HAC İBADETİNİ GÜNCELLEMEK, ZARURETTİR (6)

HACCIN VAKTİ (HAC AYLARI)

Yüce Allah, haccın vaktiyle ilgili şöyle buyurmaktadır: “Hac, bilinen aylardadır. Kim o aylarda hacca niyet ederse, hac esnasında kadına yaklaşmak, günah sayılan davranışlara yönelmek, kavga etmek yoktur. Ne hayır işlerseniz Allah onu bilir…” (Bakara suresi, 197)

Görüldüğü gibi Kur’an, sadece birkaç gün değil, birkaç ay içerisinde hac ibadetinin yapılabileceğine imkan tanımaktadır. Bu aylar, çoğunlukla Şevval, Zilkade ve Zilhicce olmak üzere üç ay olarak kabul edilmektedir. Şevval ayı yerine muharrem ayını kabul edenler de olmuştur. (Bak. Zadul Mead ve Bidayetül Müçtehit ilgili mad.)

Diğer bir ayette; “Sana doğan aylardan sorarlar. De ki: Onlar, insanlar ve hac için belirlenmiş vakitlerdir…(Bakara 189) derken, ayların hac için belirlenmiş vakitler olduğunu ortaya koymaktadır. Bu ayetler hac ibadetinin birkaç gün içerisinde değil, birkaç ay içerisinde yapılabileceğini göstermektedir.

Başta şunu hatırlatalım ki din, problem teşkil etmek için değil, problem çözmek, hayatı düzene sokup kolaylaştırmak ve insanların mutluluğunu sağlamak için gelmiştir. Dinde zorluk değil, kolaylık esastır. O bakımdan, “ne pahasına olursa olsun, ne kadar sınırlama getirilirse getirilsin, her yıl ne kadar hac zayiatı verilirse verilsin, hacda değişiklik yapılamaz” diyerek Müslümanları geleneğe kurban vermeye hiç kimsenin hakkı yoktur. Halbuki gelenek yerine yüce Allah’ın buyurdukları esas alınsa ve hac aylarında gruplar halinde Müslümanlar hacca gönderilmiş olsa, Müslümanlar kotalardan ve kuralardan kurtularak istedikleri ayda hac etme fırsatını bulacaklardır.
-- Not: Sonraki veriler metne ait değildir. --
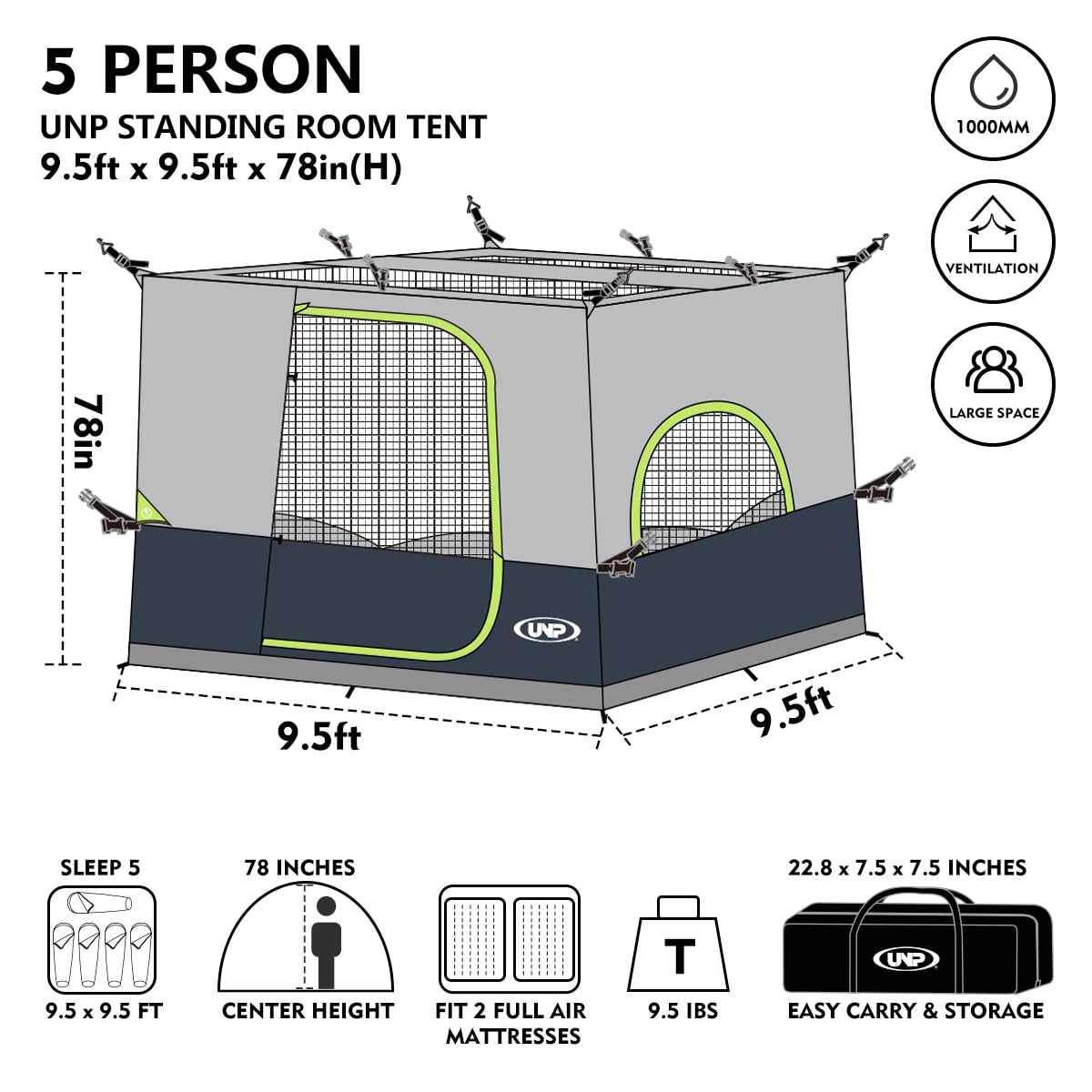 UNP camping cube sun and rain protection with UV shielding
Evet, din/İslam; adaleti sağlamak, insanların hayatlarını düzenlemek, kolaylaştırmak ve her türlü engelleri kaldırmak için Allah tarafından indirilmiştir. Resuller dahil hiç kimsenin insanların inanç ve ibadetlerine engel olmaya, özgürlüklerini kısıtlamaya ve zorluklar çıkartmaya hakkı ve yetkisi yoktur. Kaldı ki Kur’an’da, “Allah sizin için kolaylık diler, zorluk dilemez” (Bakara 185) buyrularak, her konuda kolaylıklar sağlanmasına vurgu yapılır.
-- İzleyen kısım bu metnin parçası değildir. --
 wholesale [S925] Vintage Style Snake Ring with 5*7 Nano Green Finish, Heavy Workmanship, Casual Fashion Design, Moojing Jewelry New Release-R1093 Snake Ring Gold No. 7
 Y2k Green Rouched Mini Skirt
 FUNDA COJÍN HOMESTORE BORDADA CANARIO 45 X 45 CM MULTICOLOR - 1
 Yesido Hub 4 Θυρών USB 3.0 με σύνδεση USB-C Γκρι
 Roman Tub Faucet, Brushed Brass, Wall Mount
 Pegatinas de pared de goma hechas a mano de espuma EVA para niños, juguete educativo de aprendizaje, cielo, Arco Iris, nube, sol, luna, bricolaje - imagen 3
Evet, hac ibadeti sosyal ve ekonomik imkanlara bağlı olduğu için, tüm koşullar ve imkânlar çağın konjonktürüne göre güncellenmesi gerekir. Allah’ın bizden istediği, “ne zaman ve nasıl” gitmemiz değildir. Bizden istenen, insanların hac ibadetini yerine getirebilmeleri için engelleri kaldırmak, gidiş dönüşleri kolaylaştırmak, maksadı hakkında bilinçlenmek, yasaklara daha dikkat etmek, M. haram ve çevresini temiz tutmak, Allah’ın ihsan ettiği nimetlerden faydalanmak ve ihtiyaç sahiplerini de yararlandırmaktır. (Hac 25-29)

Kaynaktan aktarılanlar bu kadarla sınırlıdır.